Earlier this week I found Three Beautiful Things, a blog with a glorious economy of words written by Clare Grant, who believes that the most beautiful things are often the smallest things.
In the same spirit, I offer two beautiful things this morning, not too bad considering it’s barely 1pm and I’ve not yet ventured from the house.
1) Toasted crumpets, with the Hampstead Heath blackberry jam I made some weeks ago, for breakfast. To make the jam you’ll need a pound of white sugar for a pound of fruit. Put it all into a large, heavy-bottomed saucepan, add the juice of a lemon or two (important this, the lemon will help it set) and bring to a rolling boil, skimming off the resultant scum periodically.
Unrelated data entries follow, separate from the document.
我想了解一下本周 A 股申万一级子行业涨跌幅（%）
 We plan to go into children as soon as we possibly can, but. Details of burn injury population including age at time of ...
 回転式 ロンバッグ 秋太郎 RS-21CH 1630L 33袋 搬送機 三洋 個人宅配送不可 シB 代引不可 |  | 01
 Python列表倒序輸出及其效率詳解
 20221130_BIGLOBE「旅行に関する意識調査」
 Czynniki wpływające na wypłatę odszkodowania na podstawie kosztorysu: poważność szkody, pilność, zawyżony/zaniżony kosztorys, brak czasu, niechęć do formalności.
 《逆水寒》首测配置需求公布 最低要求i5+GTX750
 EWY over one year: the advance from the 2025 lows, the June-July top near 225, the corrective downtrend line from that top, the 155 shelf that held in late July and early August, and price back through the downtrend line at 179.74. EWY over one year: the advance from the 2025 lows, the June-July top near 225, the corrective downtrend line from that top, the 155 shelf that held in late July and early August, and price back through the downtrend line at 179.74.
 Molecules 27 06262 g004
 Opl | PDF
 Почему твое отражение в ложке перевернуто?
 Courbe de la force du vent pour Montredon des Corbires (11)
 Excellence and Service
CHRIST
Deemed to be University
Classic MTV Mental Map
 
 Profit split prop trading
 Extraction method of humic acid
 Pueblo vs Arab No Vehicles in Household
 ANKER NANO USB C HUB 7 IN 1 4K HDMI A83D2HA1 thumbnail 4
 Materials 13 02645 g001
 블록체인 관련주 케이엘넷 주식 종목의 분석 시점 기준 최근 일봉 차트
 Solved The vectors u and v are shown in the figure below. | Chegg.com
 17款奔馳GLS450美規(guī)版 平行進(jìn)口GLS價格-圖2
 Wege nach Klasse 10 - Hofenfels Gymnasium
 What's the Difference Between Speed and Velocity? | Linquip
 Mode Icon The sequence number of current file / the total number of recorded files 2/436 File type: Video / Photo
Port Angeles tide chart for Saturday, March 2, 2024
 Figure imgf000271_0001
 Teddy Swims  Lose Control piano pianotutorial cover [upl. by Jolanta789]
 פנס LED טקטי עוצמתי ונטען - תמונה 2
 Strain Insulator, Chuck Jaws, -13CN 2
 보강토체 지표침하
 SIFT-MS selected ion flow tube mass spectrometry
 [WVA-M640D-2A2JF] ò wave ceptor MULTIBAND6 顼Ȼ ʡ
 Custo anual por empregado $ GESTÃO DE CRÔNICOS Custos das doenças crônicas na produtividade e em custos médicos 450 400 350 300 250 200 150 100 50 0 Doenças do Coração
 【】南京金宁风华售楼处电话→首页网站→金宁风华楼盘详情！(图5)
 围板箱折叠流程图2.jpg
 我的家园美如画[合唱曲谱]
Larousse, the grandfather of Western cookery, says jam will set and is ready to bottle when the temperature reaches 104 degrees centigrade. I am amazed that it is such a precise number – how many jars of jam did he make before he reached that figure? If you don’t have a thermometer – I don’t – put a little jam on a cold saucer and see if it sets. It’s a bit of a gamble this way but much more fun. For watery fruits like cherries and blackberries, it may help to cook and reduce them a little before adding the sugar; you can always add more water if you need to. Sterilise jars by washing them and drying them in a hot oven. Here’s a picture of the dregs that weren’t enough to fill a jar:

2) Sheets hanging on the line to dry. Several things here, in fact: the sun shining on the linen itself; the faint, pleasing scent of washing in the garden; the singular pleasure of easing into a bed made with linen smelling of wind and sun.


The dregs that weren’t enoguh for a full jar.